Doctors have no clear explanation for this peculiarity. But the deterioration is apparently related to the migration of the viruses from the throat to the lungs, experts in the “Spiegel” suspect. In some patients, the viruses were not even detectable in the throat at the time of pneumonia.
Means: As long as the viruses are in the throat, the patients are still quite well. If they migrate to the lungs, the general condition deteriorates quickly.
The body lacks oxygen, but it still feels normal to breathe
Although the body is already experiencing a massive lack of oxygen, many patients still feel no breathlessness. “It’s a combination that you almost never see,” say doctors in the journal “Intensive Care Medicine”.
Physicians could apparently explain the explanation for this on the basis of CT images: In the lungs of Covid-19 patients, much less fluid accumulates during inflammation than is the case with well-known pneumonia. Only this liquid makes the tissue immobile – the patient can only breathe with difficulty. In Covid 19 patients, however, this uncomfortable condition occurs late.
In summary: With Covid-19, fluid collects slowly in the lungs, which is why many patients still find breathing to be completely normal for a relatively long time.

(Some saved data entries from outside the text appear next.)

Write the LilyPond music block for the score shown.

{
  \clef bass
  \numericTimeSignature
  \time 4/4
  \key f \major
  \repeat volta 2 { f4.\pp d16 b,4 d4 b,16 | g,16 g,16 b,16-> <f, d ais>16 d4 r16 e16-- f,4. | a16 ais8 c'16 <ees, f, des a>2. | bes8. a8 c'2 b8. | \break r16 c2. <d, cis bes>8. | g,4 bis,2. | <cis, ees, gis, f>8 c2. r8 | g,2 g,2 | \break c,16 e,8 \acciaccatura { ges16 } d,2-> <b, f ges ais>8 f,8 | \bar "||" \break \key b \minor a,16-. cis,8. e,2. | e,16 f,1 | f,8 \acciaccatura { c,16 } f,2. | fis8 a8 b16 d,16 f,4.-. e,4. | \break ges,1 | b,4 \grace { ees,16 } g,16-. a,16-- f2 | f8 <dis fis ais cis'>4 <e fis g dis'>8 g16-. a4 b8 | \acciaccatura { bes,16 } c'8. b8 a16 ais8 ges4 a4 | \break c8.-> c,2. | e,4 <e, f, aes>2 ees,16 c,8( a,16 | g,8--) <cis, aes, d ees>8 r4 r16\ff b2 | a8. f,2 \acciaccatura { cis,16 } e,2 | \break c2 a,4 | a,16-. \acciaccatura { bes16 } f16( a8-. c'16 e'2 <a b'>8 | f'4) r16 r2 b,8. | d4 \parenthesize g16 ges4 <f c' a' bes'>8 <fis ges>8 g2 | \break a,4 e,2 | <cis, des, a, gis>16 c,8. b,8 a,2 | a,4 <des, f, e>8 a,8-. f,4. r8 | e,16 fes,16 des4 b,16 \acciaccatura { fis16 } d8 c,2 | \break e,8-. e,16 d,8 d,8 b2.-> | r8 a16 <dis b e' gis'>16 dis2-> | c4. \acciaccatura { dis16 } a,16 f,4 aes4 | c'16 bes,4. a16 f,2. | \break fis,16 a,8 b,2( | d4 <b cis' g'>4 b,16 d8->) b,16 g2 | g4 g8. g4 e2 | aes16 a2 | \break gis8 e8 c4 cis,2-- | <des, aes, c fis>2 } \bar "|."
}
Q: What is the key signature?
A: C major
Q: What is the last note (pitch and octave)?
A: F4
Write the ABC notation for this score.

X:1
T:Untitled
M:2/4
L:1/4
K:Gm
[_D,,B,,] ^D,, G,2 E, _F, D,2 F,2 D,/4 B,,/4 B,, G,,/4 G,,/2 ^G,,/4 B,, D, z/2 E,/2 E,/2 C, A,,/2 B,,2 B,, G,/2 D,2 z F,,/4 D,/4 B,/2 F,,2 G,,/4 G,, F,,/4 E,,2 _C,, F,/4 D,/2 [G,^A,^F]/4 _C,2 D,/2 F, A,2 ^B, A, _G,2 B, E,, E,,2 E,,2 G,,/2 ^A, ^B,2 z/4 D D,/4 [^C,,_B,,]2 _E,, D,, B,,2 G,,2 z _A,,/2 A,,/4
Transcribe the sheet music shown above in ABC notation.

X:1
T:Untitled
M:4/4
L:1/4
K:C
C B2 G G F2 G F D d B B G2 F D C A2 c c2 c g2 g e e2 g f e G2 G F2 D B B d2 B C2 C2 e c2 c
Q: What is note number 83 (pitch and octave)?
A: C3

An unusually large amount of blood is collected
With this knowledge, the obvious question now is: So why does the body still have so little oxygen? The “Spiegel” quotes the pneumologist Michael Pfeifer: “The patients have several foci of inflammation in the lungs.” According to current knowledge, an unusually large amount of blood collects in the vessels of these foci of inflammation. This means that the transport route for oxygen is virtually blocked in many places and the body suffers from a deficiency.
To summarize briefly: Blood collections in the inflammation focus ensure that the oxygen does not get into the blood sufficiently when breathing. A shortage arises.